> _WHAT YOU SHOULD DO_: Work out how many lines of the data contain "Photo" and reply with that number alone.

> _AVAILABLE RECORDS_:
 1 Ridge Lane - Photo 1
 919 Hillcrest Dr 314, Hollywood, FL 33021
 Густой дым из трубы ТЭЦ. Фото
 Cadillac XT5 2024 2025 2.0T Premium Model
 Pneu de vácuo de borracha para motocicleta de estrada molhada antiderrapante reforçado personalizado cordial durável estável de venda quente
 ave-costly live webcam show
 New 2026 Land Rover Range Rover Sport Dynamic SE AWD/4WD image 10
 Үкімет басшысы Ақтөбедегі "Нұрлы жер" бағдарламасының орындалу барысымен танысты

...

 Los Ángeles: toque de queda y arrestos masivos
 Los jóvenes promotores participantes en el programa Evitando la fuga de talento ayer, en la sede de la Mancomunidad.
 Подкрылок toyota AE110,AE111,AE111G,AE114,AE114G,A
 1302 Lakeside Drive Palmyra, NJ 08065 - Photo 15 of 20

--

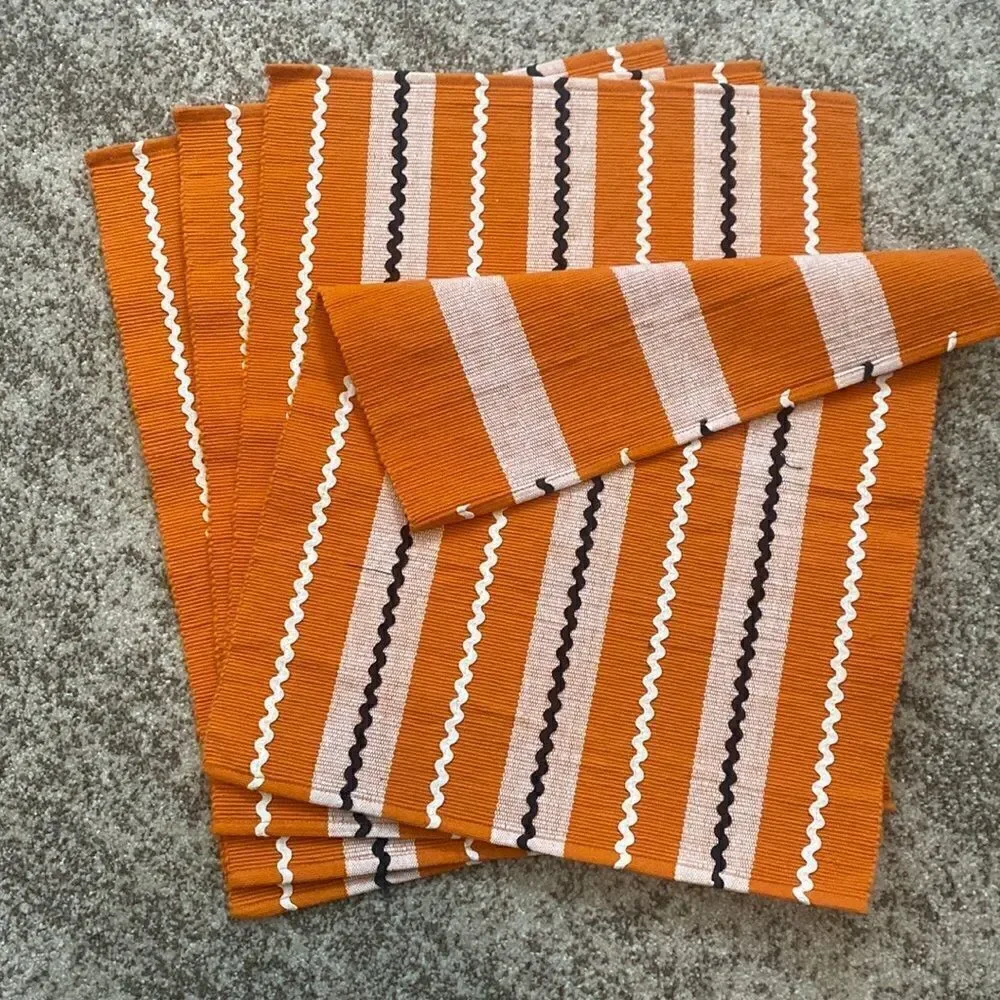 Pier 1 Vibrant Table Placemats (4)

> _WORKED SOLUTION_: 2